The Flavour of Truth

This is literally happening right now at universities across the world. Exactly this.

There has been another round of discussion online about evil humanities professors disordering our political life by spreading pernicious relativism about truth and objectivity. I remain convinced that this is a distraction, that in fact none of our disputes in political and social life are actually about the nature of truth. Apparently I have not persuaded people! So today I try a different approach. I will try to persuade you that all the sorts of things people do to actually create trouble for claims of objective truth are, in the main, unobjectionable, or even where controversial not really the sort of thing that divides us politically.

When philosophers discuss truth we have a stock example of a true sentence -- "snow is white". This is because of the role the claim played in a classic, really genre defining, paper by the polish logician Alfred Tarski. In the serene peace of academic debate this is taken as a fairly uncontroversial example of a claim that might be thought true, and indeed is actually true. So let's imagine that into our eden sneaks a postmodern neo-Marxist snake, keen to cause trouble by disrupting the ways of God and man. How might the serpent try to undermine our faith in truth using "snow is white" as their staging ground?

Off the top of my head I can think of three avenues of attack they might try:

  1. "Snow is white" is true, certainly... in English. But it's a nonsense string of symbols in German, and false in Schmenglish, which is a language I made up just now to be exactly like English except for one difference, wherein the word English uses for snow is actually its word for coal. So you can't really say it's true, you have to say it's true in a language (this is in fact what Tarski did). But once you have admitted a bit of linguistic relativity then aha the postmodernist has you in their vice-like grip! For languages are cultural objects if anything is, so it seems you admit the truth of the claim is relative to a cultural decision -- what language to talk. And we can make the matter worse! Different languages divide up the colour spectrum differently, and there is some evidence this even causes people to see colours differently. So who are we to impose our culturally preferred categorisation of the world onto others!? Something something power something oppression something!

  2. But actually though is "Snow is white" true? The sentence is a generic. These are claims which attribute properties to collections or groups without making it clear how many within the collective are being claimed to have the property. Sometimes it seems like it's most or all ("tigers have stripes" is true, odd exceptions don't change that), sometimes it's about half ("ducks lay eggs" is true, even though male ducks cannot do so), sometimes its a minority ("mosquitos carry west nile virus" is true, even though the vast majority do not). So which is it here? Reasonable people might differ. And anytime there is room for reasonable disagreement on just how many instances of counter-examples could be admitted before the claim is falsified you have a wedge our demonic postmodern Neo-Marxist can use to ply their wares. For maybe the way this is decided is some sort of convention, we all agree that such and such a proportion or these striking instances or... whatever... have to carry the property for the claim to be true. But then aha, a convention! Who are you to impose your convention on others! Do you know who else did that? The1884 Berlin conference. Really makes you think.

  3. Also what is up with that "white"? Colours are secondary qualities are they not? Sure there is a physical light spectrum, but colours are defined by the way we experience them subjectively. And did... did the serpent just hear the word subjective!? Now we're truly off to the races. I will leave it as an exercise to the reader to work out what havoc our little deceiver may wreak with this.
Ok so what I want to note about this is none of it is very impressive, right? Like all of us would be pretty nonplussed if someone seriously tried to get us to doubt snow is white on this basis. Let alone found some new political project! But at least the first two are fairly uncontroversially correct -- I mean we do need to speak some language, languages are cultural objects, and they require fixing conventions for dealing with things like generics and dividing up the colour spectrum.
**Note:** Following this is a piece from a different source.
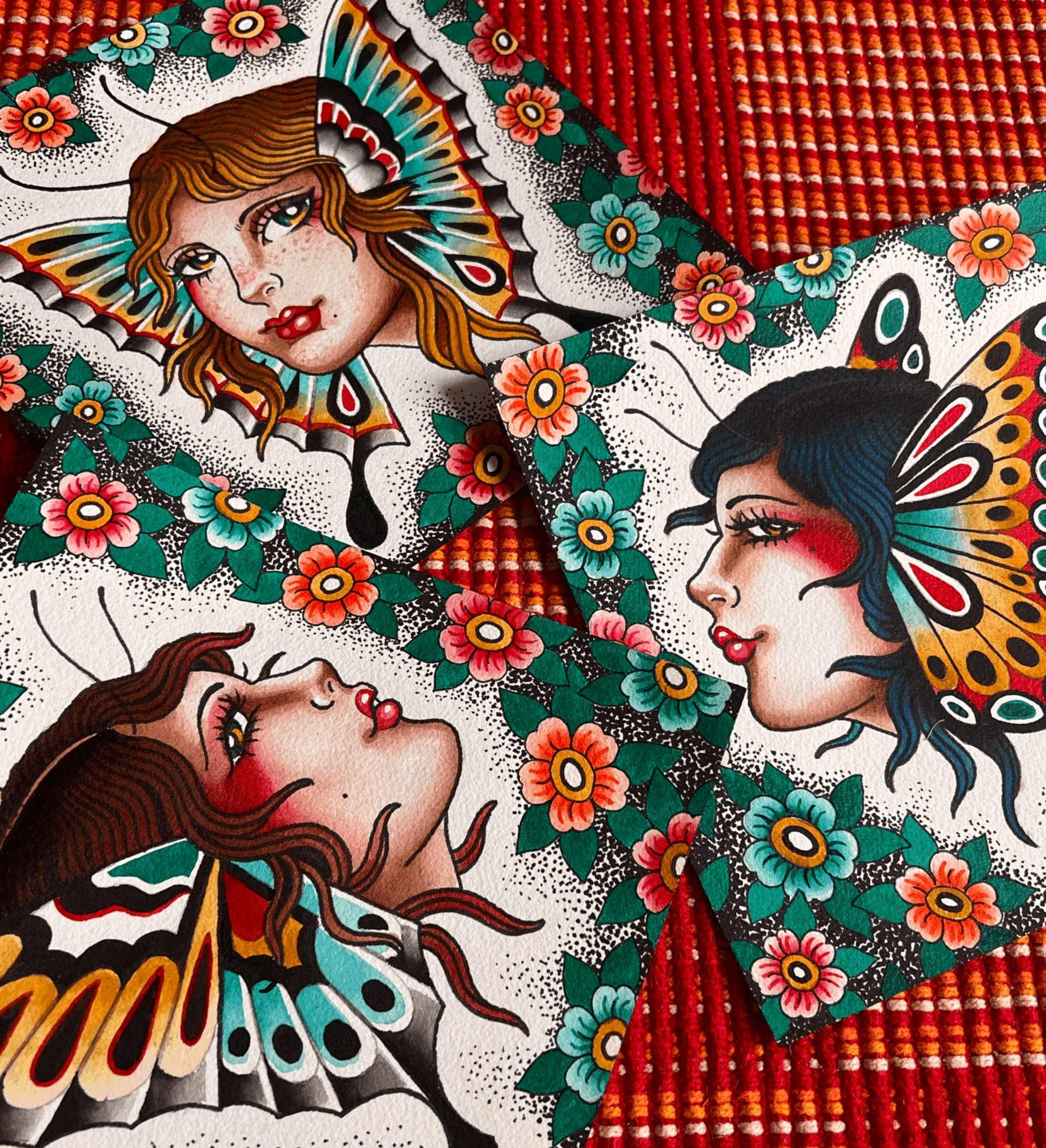 Butterfly Lady Prints Set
If the demon stamped its serpentine foot (this is pre-fall you see) and insisted that while it might be true that snow is white, it is important we realise from these considerations that it is not objectively true that snow is white (somehow they pronounce the italics) I guess personally I would just shrug. Shrug in agreement to be fair, but still shrug. Sure, I guess, you gotta fix a language, decide how to deal with generics, kinda just accept that colour experiences may differ between individuals. None of these are... fixed features of the world? They are to do with us and our decisions, I grant. So if you want to say that therefore there is some special objectiveness property that "snow is white" lacks as a truth for these reasons go ahead. But still... like...snow is white, it's fine, whatever disagreements exist here are all (genuinely) very interesting for specialists, but not the sort of thing that need trouble me in any normal circumstance. I don't really see granting these things as affecting me politically one way or another. Yet I have just ceded the objective truth of a stock example of an uncontroversial truth!

Well, how about if rather than "snow is white" we used "2+2=4" as our example sentence -- then could the great deceiver maybe make us sweat? After all the first two arguments can be adapted pretty directly. The language of mathematics is a language just as much as any other, the exact same argument as (1) goes here. And as to (2), sure it is not a generic but the underlying point still goes. We do after all have conventions we must fix for logic and mathematics to work -- maybe those could be done differently. Indeed it has been argued that there is cultural variation in what conventions are accepted here. And, while it is a niche activity sure, it is not really that unusual for logicians and mathematicians to explore alternative arithmetics (e.g.). Maybe it'll turn out there's some interesting one where something recognisably like my claim "2+2=4" is false. I dunno. Finally, while there is not an analogue to the third argument re individual variance in colour perception, there is a possibly-more-serious worry. The literal read of mathematical claims plausibly involves some truly wacky metaphysics that we could do without, and so pure mathematical claims are literally false even if useful. The last of these cases is an even more serious challenge: it is not even just saying that 2+2=4 isn't objectively true, it's saying it's not true at all!

.... And yet. Be honest. Be real with yourself. Allow yourself a moment of peace and clarity. None of these claims really bothered you, did they? None of these claims, challenging the truth or objectivity of mathematics really seemed to portend the end of Western civilisation, etc. (To be fair there really are some people who think you need to be committed to the real existence of abstract mathematical objects for Western Civilisation to function. I feel safe in assuming these are a minority.) Indeed some of them seem to be pretty obviously true (do you think "2+2=4" isn't a sentence in a language!?) and its never bothered you before and it is not going to start bothering you now either. You can cede that maybe the claim isn't strictly speaking objectively true and not feel much turns upon it, one way or another. Good!

So our serpentine postmodern Neo-Marxist is in a bit of a pickle. They keep saying stuff which is plausible, sometimes even kinda trivially true, and it entails exactly the sorta claims about truth and objectivity which culture war debate would have you believe is incredibly dangerous and edgy. Yet with it all laid out plain it just doesn't really seem like a big deal. Certainly very interesting for scholars and important for various intellectual debates. Debates which can have real consequences for how we live and understand the world, to be clear. I don't want to suggest anything anti-intellectual here -- worrying about the foundations of mathematics ultimately led to the theory of computation! These things are worth discussing. But they have nothing like the sort of significance that the culture war debate would have you think. Where have they gone wrong?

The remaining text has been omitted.